If you always open a certain spreadsheet after reading emails from a specific client, Apple Intelligence will start showing that spreadsheet automatically when you get a new message from that client. Over time, Siri’s suggestions match your personal work habits instead of just offering generic help. Apple engineers say that this personal context is processed on your device, and if extra computing is needed, it uses the Private Compute Cloud. This setup is designed so privacy can be checked and verified, not just promised.
The Developer Reckoning
Software developers now have an important choice to make. Apps that don’t use the new App Intents framework will be left out of Siri’s cross-app features. A note-taking app that shares its data with Siri will be included in automated workflows, while one that doesn’t will be ignored, even if it has useful information.

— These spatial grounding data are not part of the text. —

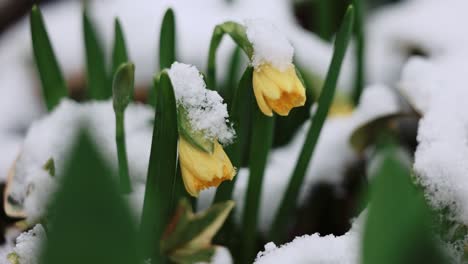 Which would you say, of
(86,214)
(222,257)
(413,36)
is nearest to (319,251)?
(222,257)

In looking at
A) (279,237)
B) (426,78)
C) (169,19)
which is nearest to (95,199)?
(169,19)

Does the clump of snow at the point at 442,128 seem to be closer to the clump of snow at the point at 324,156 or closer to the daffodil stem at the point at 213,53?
the clump of snow at the point at 324,156

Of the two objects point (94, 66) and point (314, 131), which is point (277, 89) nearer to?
point (314, 131)

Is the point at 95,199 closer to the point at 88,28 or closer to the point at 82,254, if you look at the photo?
the point at 82,254

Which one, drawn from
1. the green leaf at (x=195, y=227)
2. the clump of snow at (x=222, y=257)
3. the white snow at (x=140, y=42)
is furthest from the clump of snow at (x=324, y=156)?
the green leaf at (x=195, y=227)

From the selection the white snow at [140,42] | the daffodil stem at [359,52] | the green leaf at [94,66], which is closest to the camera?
the green leaf at [94,66]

This change shifts developers’ motivations on the App Store. Making apps work with system-level features is now a must for anyone who wants their app to be part of users’ daily routines. Apps that work well with Apple Intelligence will show up in Siri suggestions, be part of workflows, and appear in searches—benefits that advertising alone can’t provide.
What Comes Next
Apple hasn’t announced exactly when all the new Siri AI cross-app features will be available everywhere. European regulations and language support are still being worked out, which affects the timeline. For now, some features are already rolling out, and more advanced cross-app and personal context tools will come in future updates.
Your device is now being redesigned so you can simply say what you want done, without worrying about which app should handle it. How quickly developers and users adapt to this change will determine the future of mobile software.